今度こそ、練愛
「ああ、悔しい……」
溜め息とともに思わず声に出てしまった言葉を、スマホの向こう側で聞いてた母がすかさず拾い上げる。
「何が悔しいの?」
問い返されても正直に答えられようか、いやできまい。わざわざ拾い上げなくてもいいのに、さらっと流してくれたらいいのに。
「ううん、何にもない、仕事のこと」
「そう、ところで……いつになったら彼氏に会わせてくれるの?」
またいつもの、母がしつこいほど口にする台詞。上手くかわしたつもりなのに、逆に余計な事を言わせてしまった。
『二十九歳までに結婚して、三十歳までに子供を産みなさい』
私の二十七歳の誕生日の朝、母が言った。
もしできなければ田舎に帰って見合いをすること、と付け加えて。田舎にいる歳の近い従姉妹たちが次々と結婚していく中、母なりに焦りを感じたらしい。

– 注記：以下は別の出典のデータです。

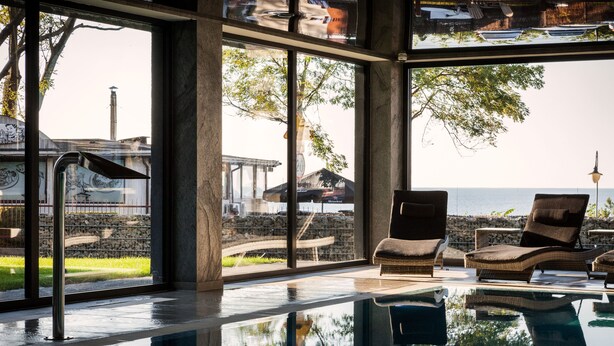 A modern interior with a glass pool, lounge chairs, and a view of the sea. - Max Health Resort SPA (Ustronie Morskie)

この言葉を聞いた時は重荷に感じたけれど、その日の夜には昭仁から『結婚しよう』と言われたタイミングの良さに運命すら感じ始めていた。
「はいはい、そのうちね、今は仕事が忙しいから落ち着いたら」
「また……、去年からずっと言ってるけど本当はどうなの? 彼氏なんて居ないんじゃないの? 帰りたくないから嘘ついてるの?」
「違うよ、本当に今は忙しいの」
言い切ったけれど、もやもやしてる。